The reply should contain all the data below, repeated exactly, and none of the images.

**Supplied information**:
....

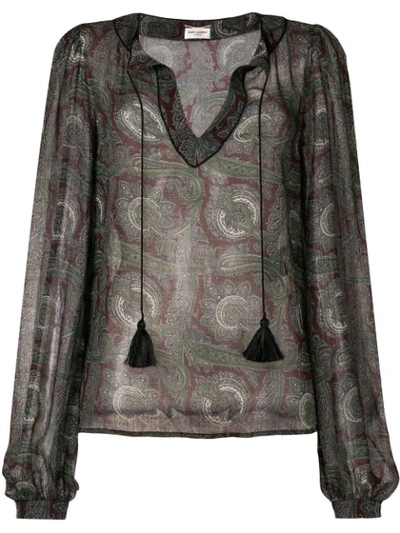 Saint Laurent Tassel-tie Neck Paisley-print Sheer Wool Blouse In Green Multicolor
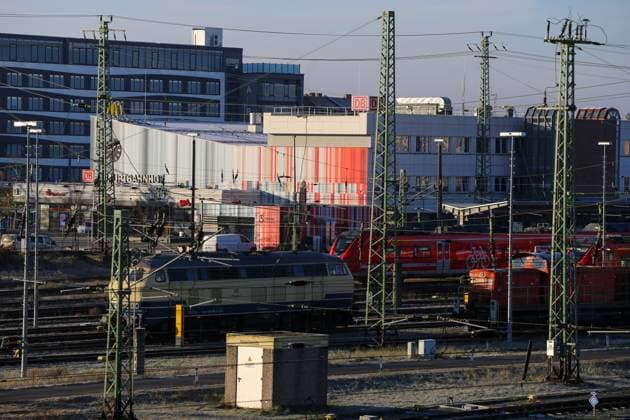 November 21, 2025, Cottbus, Brandenburg, Germany: A view of Cottbus main station (Hauptbahnhof). A 250-kilogram World War II bomb discovered during construction work at the new ICE maintenance facility has led to a 300-meter exclusion zone and the evacuation of around 500 residents. The device, a German aerial bomb fitted with a Soviet fuse, is being defused by the explosive ordnance disposal service. The site had already been checked for ordnance before construction, with bombs cleared there in May and June, as Cottbus station was heavily bombed during World War II. Cottbus Germany - ZUMAf146 20251121_zip_f146_023 Copyright: xRouzbehxFouladix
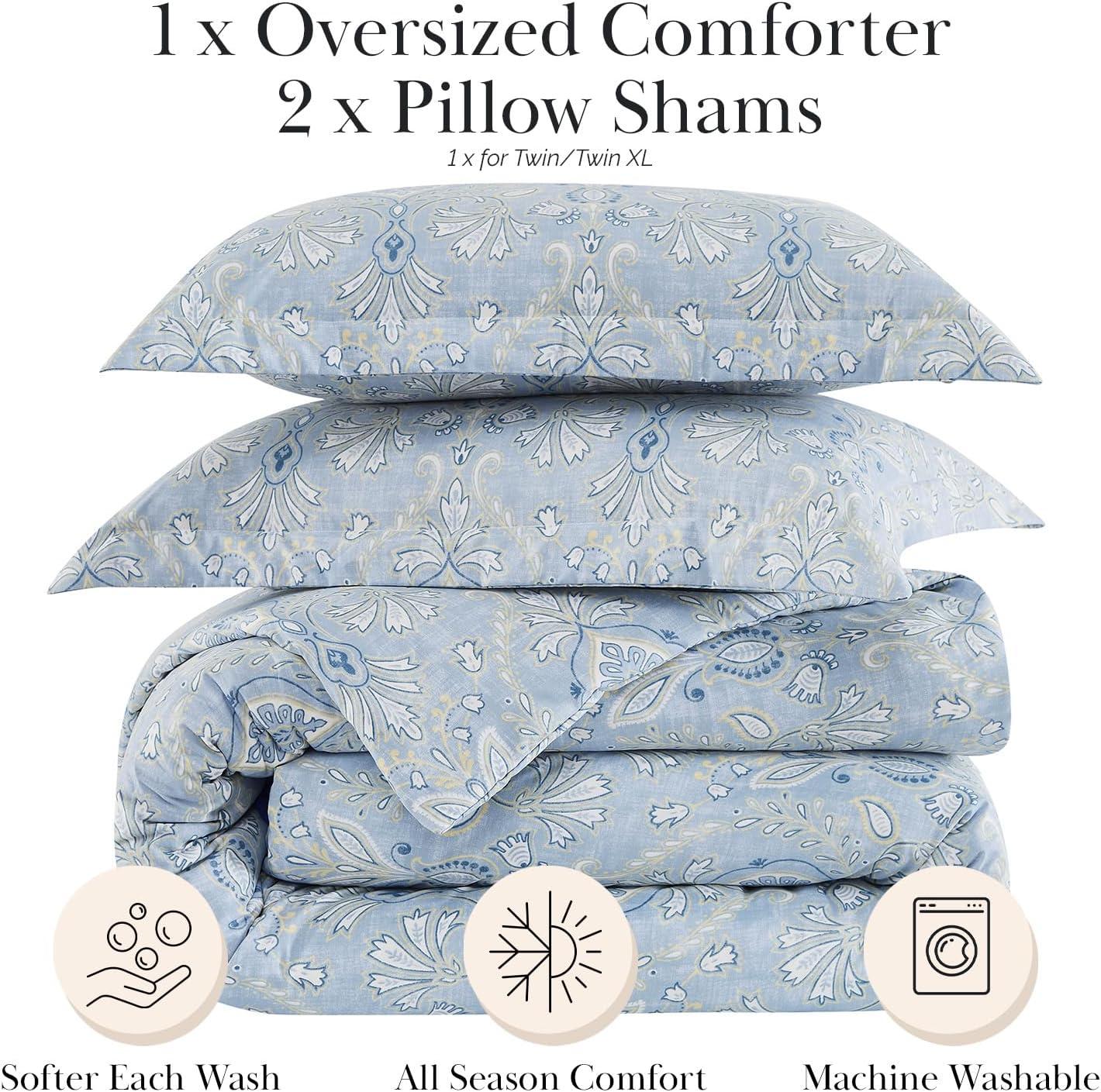 Southshore Fine Living Paisley Grace Oversized 2-Piece Comforter Set with sham Blue Twin / Twin XL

....

**Solution to this task**:
 Saint Laurent Tassel-tie Neck Paisley-print Sheer Wool Blouse In Green Multicolor
 November 21, 2025, Cottbus, Brandenburg, Germany: A view of Cottbus main station (Hauptbahnhof). A 250-kilogram World War II bomb discovered during construction work at the new ICE maintenance facility has led to a 300-meter exclusion zone and the evacuation of around 500 residents. The device, a German aerial bomb fitted with a Soviet fuse, is being defused by the explosive ordnance disposal service. The site had already been checked for ordnance before construction, with bombs cleared there in May and June, as Cottbus station was heavily bombed during World War II. Cottbus Germany - ZUMAf146 20251121_zip_f146_023 Copyright: xRouzbehxFouladix
 Southshore Fine Living Paisley Grace Oversized 2-Piece Comforter Set with sham Blue Twin / Twin XL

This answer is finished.